Граф не сделал ей ничего плохого, но Эвелина люто ненавидела его за свою, как она считала, разбитую жизнь. Потому что Эдгара она не могла ненавидеть, хоть и убеждала себя в этом. Когда граф Милош присел у постели, Эвелина вымученно улыбнулась и изрекла свои последние слова как проклятие:
– У вас не будет наследника. Останется только моя дочь.
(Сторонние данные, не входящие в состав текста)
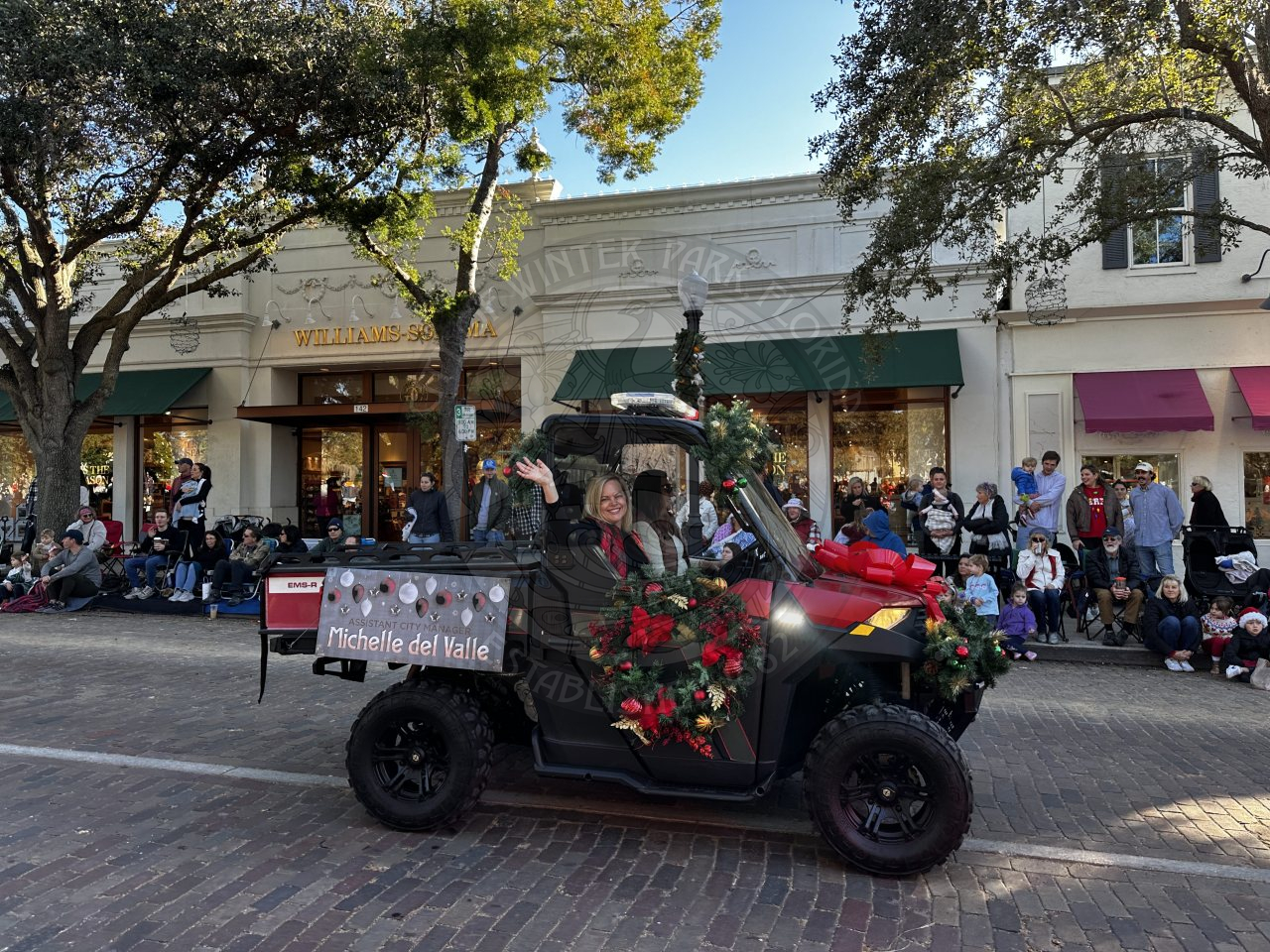 Assistant city manager in a golf cart waving.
Граф Романеску не знал, что Эвелина была несчастна не по его вине, и не понимал причины ненависти к нему. Впрочем, он и не пытался ее понять, расценивая это как обиду на то, что он не обрадовался рождению дочери. Смерть жены его не сильно огорчила – она была красивая, но слишком уж неуравновешенная. Пожалуй, стоило выбрать себе в супруги кого-то попроще, этим он и решил заняться после окончания траура.
Глава 23
О рождении дочери Эдгар узнал только спустя четыре месяца, из письма с траурной каймой, что известило его о смерти графини Эвелины-Офелии. Сама Эва в свое время не сочла нужным его уведомить, а граф полагал рождение дочери событием настолько незначительным, что даже не упомянул в письме ее имя.
«Девочка? – равнодушно подумал Эдгар. – Тем лучше. Женщины гораздо благороднее мужчин… хотя иногда они уходят».